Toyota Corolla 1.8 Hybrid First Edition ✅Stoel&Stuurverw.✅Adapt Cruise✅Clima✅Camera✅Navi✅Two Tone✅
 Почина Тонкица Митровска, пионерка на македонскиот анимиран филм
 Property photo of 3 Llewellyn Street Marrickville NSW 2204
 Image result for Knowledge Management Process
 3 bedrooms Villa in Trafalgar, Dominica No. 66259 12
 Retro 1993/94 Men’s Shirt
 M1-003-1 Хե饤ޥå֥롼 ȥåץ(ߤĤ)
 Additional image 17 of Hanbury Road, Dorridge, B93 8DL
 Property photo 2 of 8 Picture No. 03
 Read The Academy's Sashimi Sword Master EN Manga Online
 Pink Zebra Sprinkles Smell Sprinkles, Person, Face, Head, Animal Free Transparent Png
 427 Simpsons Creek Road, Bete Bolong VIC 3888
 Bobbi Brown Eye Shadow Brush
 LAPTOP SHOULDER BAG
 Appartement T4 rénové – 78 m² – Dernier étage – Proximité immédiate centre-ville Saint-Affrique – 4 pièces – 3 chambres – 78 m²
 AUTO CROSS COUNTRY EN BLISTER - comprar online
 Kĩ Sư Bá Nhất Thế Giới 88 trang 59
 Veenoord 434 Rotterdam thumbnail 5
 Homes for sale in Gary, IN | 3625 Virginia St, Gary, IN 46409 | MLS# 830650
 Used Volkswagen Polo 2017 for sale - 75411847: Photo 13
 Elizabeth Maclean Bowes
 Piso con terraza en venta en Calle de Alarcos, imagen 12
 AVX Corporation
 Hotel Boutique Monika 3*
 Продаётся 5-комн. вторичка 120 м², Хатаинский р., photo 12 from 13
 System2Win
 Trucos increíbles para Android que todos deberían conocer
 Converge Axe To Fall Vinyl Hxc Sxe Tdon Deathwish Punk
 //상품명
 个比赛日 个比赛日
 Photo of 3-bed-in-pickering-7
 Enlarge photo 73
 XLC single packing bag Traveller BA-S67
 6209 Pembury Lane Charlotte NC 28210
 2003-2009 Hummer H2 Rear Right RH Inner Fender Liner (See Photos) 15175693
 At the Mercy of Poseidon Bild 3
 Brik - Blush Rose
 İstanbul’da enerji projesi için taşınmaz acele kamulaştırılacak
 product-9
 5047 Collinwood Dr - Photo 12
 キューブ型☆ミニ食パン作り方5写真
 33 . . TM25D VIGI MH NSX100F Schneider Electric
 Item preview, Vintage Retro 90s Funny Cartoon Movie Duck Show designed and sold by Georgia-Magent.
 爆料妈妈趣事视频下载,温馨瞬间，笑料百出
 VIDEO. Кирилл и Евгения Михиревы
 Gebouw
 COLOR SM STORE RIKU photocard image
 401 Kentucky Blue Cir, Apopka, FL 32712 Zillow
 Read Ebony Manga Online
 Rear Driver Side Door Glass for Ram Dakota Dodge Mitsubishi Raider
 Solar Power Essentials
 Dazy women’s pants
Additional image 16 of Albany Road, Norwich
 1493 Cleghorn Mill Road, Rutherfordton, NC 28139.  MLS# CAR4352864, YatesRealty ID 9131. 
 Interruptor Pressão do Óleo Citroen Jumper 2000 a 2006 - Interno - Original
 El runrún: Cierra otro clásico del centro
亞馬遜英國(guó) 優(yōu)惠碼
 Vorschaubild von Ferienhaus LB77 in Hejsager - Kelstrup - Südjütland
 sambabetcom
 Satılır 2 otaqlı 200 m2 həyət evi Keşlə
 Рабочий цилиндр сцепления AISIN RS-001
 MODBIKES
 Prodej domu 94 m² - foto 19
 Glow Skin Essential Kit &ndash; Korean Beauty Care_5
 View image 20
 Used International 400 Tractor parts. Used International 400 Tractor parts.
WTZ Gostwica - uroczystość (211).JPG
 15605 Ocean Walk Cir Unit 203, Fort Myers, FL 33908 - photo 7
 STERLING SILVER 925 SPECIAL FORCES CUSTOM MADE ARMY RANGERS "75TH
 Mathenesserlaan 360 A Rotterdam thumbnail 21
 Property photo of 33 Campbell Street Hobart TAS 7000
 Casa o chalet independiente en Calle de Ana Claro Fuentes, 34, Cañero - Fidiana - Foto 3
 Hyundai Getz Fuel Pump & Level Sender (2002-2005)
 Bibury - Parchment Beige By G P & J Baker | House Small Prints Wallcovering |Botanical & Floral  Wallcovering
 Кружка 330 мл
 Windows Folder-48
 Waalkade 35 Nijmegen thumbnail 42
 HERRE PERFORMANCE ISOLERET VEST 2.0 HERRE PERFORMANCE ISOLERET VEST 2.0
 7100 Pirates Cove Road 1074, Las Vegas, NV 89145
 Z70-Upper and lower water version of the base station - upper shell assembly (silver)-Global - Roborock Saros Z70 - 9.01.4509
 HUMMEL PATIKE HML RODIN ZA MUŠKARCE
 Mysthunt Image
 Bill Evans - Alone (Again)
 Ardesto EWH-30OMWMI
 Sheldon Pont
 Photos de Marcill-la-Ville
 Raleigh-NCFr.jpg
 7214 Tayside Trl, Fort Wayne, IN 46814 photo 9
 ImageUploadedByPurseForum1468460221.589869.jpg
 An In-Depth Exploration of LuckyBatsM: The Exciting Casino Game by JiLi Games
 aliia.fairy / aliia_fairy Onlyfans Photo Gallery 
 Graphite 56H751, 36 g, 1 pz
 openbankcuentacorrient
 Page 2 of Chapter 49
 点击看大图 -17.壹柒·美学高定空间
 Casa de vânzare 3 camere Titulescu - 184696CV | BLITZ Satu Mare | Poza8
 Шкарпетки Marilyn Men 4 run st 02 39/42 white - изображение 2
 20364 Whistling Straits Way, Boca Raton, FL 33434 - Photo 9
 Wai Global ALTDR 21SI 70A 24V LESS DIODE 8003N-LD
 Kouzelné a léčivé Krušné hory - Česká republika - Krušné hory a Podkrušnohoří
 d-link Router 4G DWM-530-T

:: What needs to be done ::
Beginning at the opening line of the data, transcribe each line exactly until you reach the line with "Image result for", which you also include, and go no further.

:: Completed exercise ::
Toyota Corolla 1.8 Hybrid First Edition ✅Stoel&Stuurverw.✅Adapt Cruise✅Clima✅Camera✅Navi✅Two Tone✅
 Почина Тонкица Митровска, пионерка на македонскиот анимиран филм
 Property photo of 3 Llewellyn Street Marrickville NSW 2204
 Image result for Knowledge Management Process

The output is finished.